According to the Liberal Party pamphlet, over a ten-year period, planting a total of 2 billion trees is estimated to absorb and store about 30 million tons of carbon dioxide. How does that compare to the emissions caused by the new pipeline?
The TMEX, when operational, is intended to increase the capacity of the existing Trans Mountain pipeline by 590,000 barrels a day. Production in the tar sand region will ramp up to meet this newly available capacity. That’s the whole point of building a pipeline. Mining and refining bitumen from the tar sands deposits produces large emissions of greenhouse gases. According to the Oil Climate Index, emissions from the tar sands are estimated to be as high as 174 kg of equivalent carbon dioxide per barrel of crude.
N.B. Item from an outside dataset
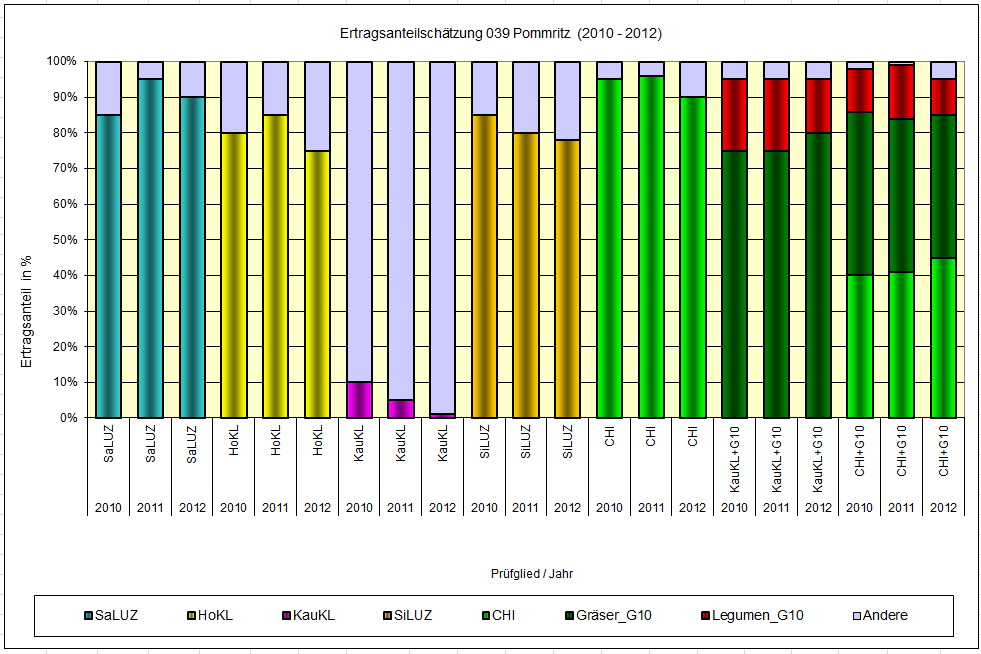 Abbildung 18: Geschätzte Ertragsanteile der Prüfglieder in Christgrün (2010-2012) Abbildung 19:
Doing the math, we can calculate that ramping up production by 590,000 barrels a day will generate an additional 37.5 million tons of greenhouse gases a year. So over a ten year period, the TMEX pipeline will generate emissions of about 375 million tons of CO2 equivalent (MtCO2e). During the same period the 2 billion trees will sequester less than one tenth of the carbon in these emissions. To put the additional pipeline emissions in context, 37.5 MtCO2e a year is greater than the combined emissions of the cities of Calgary and Toronto, which in 2016 were respectively 18.2 and 18.3 MtCO2e/year. So operationalising the TMEX pipeline is like adding two major Canadian cities to the landscape.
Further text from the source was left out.